2.2. distoptica.apply_coord_transform_right_inverse

apply_coord_transform_right_inverse(q_x=((0.5,),), q_y=((0.5,),), coord_transform_params=None, device=None, least_squares_alg_params=None, skip_validation_and_conversion=False)[source]

Apply the right inverse of a coordinate transformation to a set of coordinates of points in a distorted image.

The current Python function applies the right inverse of a coordinate transformation to a set of fractional coordinates of points in a distorted image. For a discussion on fractional coordinates of points in distorted images, see the summary documentation for the class distoptica.DistortionModel. For a discussion on right inverses of coordinate transformations, see the summary documentation for the classes distoptica.DistortionModel, distoptica.CoordTransformParams, and distoptica.StandardCoordTransformParams.

Parameters:
q_xtorch.Tensor (float, ndim=2), optional

The set of fractional horizontal coordinates of the points in the distorted image, for which to apply the right inverse of the coordinate transformation.

q_ytorch.Tensor (float, shape=``q_x.shape``), optional

The set of fractional vertical coordinates of the points in the distorted image, for which to apply the right inverse of the coordinate transformation.

coord_transform_paramsdistoptica.CoordTransformParams, optional

The parameters defining the coordinate transformation, of which the right inverse is to be applied.

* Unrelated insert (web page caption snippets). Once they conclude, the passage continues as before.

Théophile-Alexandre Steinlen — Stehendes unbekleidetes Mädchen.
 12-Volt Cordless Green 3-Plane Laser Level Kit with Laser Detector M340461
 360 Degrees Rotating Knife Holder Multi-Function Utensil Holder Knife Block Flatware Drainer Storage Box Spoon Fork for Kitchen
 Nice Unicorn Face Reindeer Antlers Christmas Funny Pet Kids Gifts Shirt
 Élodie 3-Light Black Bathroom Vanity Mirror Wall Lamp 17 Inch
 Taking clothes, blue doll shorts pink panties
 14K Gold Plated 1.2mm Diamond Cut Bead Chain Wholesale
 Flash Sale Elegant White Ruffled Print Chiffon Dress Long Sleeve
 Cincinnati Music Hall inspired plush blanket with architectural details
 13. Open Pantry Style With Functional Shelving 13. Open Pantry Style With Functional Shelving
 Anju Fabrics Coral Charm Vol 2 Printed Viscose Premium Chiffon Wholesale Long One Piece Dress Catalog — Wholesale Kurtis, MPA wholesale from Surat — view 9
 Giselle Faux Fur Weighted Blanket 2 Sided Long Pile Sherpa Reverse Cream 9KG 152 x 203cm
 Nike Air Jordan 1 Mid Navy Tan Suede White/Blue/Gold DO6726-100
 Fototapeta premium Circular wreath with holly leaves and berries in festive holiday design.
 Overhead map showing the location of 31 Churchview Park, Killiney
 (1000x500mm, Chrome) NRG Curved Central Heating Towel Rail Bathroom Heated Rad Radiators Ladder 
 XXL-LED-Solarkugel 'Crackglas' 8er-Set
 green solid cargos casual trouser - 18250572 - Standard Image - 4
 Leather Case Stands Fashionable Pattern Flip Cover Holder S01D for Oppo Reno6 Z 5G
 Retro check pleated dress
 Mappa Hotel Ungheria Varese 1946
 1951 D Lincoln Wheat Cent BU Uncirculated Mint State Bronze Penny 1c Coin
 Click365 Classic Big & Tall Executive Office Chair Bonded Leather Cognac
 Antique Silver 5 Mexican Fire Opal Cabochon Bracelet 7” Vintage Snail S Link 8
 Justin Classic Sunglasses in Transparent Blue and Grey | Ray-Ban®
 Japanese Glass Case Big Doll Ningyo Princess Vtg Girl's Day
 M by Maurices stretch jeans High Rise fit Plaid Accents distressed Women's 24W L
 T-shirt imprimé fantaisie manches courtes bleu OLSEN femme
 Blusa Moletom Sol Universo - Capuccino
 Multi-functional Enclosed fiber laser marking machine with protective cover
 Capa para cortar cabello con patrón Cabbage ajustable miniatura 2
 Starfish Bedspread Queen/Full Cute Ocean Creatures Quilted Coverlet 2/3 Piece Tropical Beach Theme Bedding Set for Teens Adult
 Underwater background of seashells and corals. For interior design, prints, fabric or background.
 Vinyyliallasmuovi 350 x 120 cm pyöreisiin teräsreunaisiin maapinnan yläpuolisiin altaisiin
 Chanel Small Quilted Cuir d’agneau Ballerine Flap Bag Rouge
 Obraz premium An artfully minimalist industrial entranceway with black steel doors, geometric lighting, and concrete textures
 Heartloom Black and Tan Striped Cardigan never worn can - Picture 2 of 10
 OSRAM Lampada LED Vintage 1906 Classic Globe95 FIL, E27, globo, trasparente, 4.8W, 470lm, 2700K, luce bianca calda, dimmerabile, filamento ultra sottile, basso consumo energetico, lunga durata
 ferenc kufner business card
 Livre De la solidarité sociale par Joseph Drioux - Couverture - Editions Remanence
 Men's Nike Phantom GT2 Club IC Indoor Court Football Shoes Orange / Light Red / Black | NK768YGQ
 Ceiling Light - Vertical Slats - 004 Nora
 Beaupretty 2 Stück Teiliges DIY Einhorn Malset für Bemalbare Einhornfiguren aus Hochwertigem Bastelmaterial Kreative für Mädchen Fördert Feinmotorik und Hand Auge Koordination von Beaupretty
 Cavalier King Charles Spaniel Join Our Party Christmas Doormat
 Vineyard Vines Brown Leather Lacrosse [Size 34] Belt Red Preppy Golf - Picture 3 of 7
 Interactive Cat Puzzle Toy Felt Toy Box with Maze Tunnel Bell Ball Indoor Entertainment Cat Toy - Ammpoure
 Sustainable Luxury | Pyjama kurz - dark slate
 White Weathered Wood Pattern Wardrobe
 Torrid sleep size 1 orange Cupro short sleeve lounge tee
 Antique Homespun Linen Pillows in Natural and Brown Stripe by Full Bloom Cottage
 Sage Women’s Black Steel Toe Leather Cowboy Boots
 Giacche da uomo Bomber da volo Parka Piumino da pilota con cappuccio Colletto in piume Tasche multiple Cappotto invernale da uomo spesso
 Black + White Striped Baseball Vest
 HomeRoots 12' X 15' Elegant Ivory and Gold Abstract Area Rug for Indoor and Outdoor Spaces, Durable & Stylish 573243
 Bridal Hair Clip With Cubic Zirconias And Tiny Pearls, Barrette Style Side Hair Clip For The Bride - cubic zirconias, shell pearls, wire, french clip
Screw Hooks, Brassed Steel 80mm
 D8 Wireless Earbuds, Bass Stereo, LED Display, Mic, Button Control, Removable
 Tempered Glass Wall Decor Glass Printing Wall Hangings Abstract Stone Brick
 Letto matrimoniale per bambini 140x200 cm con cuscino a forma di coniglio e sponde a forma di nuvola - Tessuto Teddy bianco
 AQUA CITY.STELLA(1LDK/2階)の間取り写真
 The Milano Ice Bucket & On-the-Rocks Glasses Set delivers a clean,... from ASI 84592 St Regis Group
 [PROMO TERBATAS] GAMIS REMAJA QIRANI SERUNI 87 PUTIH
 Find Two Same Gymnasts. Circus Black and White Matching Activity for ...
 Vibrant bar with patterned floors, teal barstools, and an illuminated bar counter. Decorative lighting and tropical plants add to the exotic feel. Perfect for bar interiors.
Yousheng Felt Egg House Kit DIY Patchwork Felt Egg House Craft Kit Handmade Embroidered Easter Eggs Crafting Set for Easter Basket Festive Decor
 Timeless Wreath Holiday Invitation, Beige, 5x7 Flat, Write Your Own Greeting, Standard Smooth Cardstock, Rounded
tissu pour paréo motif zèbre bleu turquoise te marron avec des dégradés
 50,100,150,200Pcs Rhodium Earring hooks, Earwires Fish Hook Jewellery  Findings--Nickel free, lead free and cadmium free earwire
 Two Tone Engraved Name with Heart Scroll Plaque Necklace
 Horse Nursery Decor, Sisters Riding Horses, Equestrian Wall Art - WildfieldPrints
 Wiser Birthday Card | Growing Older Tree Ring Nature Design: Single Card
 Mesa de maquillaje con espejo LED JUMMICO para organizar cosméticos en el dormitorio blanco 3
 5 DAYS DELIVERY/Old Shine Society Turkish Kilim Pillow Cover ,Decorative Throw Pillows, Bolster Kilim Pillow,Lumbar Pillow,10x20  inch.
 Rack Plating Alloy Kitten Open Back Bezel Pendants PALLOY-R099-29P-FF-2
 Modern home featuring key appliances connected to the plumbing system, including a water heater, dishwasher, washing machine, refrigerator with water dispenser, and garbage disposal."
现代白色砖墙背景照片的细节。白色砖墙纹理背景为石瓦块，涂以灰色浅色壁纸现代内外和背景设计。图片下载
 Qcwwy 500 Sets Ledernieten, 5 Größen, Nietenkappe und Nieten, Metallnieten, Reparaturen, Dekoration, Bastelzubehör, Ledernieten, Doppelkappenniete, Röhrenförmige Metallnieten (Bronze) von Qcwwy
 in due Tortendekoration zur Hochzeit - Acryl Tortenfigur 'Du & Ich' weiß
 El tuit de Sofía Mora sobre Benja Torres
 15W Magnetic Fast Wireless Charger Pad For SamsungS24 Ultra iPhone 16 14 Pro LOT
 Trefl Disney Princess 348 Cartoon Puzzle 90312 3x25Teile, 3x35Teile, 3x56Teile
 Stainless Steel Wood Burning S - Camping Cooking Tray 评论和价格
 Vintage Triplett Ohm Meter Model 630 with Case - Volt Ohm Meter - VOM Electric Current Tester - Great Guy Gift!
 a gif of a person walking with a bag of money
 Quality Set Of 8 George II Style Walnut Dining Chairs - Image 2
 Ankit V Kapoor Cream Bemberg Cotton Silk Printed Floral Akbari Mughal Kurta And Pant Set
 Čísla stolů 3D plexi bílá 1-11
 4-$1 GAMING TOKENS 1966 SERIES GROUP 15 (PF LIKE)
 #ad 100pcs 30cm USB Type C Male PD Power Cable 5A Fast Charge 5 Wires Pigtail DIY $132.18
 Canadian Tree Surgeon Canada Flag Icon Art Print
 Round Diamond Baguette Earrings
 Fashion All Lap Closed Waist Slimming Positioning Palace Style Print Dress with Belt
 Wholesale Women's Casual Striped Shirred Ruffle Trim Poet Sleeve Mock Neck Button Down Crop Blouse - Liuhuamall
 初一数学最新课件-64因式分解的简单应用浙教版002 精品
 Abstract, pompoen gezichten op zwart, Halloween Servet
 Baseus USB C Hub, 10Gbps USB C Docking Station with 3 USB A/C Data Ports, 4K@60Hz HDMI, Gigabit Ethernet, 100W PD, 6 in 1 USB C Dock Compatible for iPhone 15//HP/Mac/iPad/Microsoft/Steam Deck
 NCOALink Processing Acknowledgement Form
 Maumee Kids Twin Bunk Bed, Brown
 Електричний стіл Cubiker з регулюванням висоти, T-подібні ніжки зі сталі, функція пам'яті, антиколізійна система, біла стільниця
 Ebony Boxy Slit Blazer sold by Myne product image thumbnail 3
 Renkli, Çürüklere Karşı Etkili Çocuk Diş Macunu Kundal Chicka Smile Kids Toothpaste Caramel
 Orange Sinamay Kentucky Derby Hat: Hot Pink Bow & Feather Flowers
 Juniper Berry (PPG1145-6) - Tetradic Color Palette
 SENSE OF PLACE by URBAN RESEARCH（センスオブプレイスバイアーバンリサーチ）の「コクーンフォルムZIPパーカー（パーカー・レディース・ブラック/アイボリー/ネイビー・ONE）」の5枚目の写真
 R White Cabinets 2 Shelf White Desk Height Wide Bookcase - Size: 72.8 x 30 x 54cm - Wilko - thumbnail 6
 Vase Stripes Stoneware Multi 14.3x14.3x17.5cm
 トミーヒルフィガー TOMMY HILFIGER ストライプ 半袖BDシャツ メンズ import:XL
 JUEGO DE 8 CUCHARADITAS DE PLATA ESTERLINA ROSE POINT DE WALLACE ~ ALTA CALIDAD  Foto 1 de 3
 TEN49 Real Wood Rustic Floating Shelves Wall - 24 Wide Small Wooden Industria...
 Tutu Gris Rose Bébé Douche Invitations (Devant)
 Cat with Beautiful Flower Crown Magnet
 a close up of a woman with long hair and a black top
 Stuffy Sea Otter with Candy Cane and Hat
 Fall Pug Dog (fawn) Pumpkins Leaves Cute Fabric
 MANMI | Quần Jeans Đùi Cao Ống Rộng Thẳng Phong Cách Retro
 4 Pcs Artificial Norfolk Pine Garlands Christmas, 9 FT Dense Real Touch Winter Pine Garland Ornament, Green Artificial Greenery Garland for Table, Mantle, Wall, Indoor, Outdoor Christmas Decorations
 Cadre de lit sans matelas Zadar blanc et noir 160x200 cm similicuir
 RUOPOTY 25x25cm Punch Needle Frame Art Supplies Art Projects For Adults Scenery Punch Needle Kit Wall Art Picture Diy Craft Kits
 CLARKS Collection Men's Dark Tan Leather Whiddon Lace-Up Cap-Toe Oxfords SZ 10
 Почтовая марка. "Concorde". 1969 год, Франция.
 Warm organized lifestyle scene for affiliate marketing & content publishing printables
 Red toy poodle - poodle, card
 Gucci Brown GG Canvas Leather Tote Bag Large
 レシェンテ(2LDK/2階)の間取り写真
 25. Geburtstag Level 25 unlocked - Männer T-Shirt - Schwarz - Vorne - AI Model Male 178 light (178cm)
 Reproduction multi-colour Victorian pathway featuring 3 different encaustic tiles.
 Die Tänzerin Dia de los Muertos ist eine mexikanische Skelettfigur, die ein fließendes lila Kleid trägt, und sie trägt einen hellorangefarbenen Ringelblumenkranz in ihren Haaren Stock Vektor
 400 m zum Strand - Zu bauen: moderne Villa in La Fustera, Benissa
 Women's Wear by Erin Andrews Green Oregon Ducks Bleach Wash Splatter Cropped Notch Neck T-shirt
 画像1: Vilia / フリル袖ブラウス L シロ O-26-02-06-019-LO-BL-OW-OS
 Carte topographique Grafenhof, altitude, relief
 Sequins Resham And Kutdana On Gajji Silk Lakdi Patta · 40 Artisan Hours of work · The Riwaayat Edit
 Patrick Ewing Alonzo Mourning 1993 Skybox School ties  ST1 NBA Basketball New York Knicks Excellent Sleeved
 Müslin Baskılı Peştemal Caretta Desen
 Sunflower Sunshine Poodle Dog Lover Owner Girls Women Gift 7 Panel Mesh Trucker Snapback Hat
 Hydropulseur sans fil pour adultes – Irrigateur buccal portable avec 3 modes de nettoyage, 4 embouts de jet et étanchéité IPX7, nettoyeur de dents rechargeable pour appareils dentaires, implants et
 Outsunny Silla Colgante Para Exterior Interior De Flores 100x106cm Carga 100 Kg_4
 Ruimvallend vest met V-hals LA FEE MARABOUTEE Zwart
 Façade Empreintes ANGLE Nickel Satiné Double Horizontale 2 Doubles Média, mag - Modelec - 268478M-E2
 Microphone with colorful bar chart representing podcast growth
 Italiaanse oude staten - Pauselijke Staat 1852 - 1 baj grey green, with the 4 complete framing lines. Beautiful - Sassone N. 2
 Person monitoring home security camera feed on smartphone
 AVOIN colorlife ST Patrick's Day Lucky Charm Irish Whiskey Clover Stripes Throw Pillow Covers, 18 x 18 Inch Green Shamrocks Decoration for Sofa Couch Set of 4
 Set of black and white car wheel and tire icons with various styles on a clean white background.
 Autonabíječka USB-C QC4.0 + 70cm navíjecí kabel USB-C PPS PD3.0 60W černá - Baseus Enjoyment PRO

devicetorch.device | None, optional

This parameter specifies the device to be used to perform computationally intensive calls to PyTorch functions. If device is of the type torch.device, then device represents the device to be used. If device is set to None and a GPU device is available, then a GPU device is to be used. Otherwise, the CPU is used.

least_squares_alg_paramsdistoptica.LeastSquaresAlgParams | None, optional

If least_squares_alg_params is set to None, then the parameters of the least-squares algorithm to be used to apply the right inverse of the coordinate transformation are those specified by distoptica.LeastSquaresAlgParams(). Otherwise, least_squares_alg_params specifies the parameters of the least-squares algorithm to be used.

skip_validation_and_conversionbool, optional

If skip_validation_and_conversion is set to False, then validations and conversions are performed on the above parameters.

Otherwise, if skip_validation_and_conversion is set to True, no validations and conversions are performed on the above parameters. This option is desired primarily when the user wants to avoid potentially expensive validation and/or conversion operations.

Returns:
u_xtorch.Tensor (float, shape=``q_x.shape``)

The set of fractional horizontal coordinates resulting from the application of the right inverse to the coordinate transformation. For every row index i and column index j`, the coordinate pair ``(q_x[i, j], q_y[i, j]) maps to the horizontal coordinate u_x[i, j] via the corresponding component of the right inverse of the coordinate transformation.

u_ytorch.Tensor (float, shape=``q_y.shape``)

The set of fractional vertical coordinates resulting from the application of the right inverse to the coordinate transformation. For every row index i and column index j`, the coordinate pair ``(q_x[i, j], q_y[i, j]) maps to the vertical coordinate u_y[i, j] via the corresponding component of the right inverse of the coordinate transformation.

convergence_maptorch.Tensor (bool, shape=``q_x.shape``)

The convergence map of the iterative algorithm used to apply the right inverse of the coordinate transformation. For every row index i and column index j`, ``convergence_map[i, j] evaluates to False if the iterative algorithm used to calculate u_x and u_y does not converge within the error tolerance for the elements u_x[i, j] and u_y[i, j], and evaluates to True otherwise.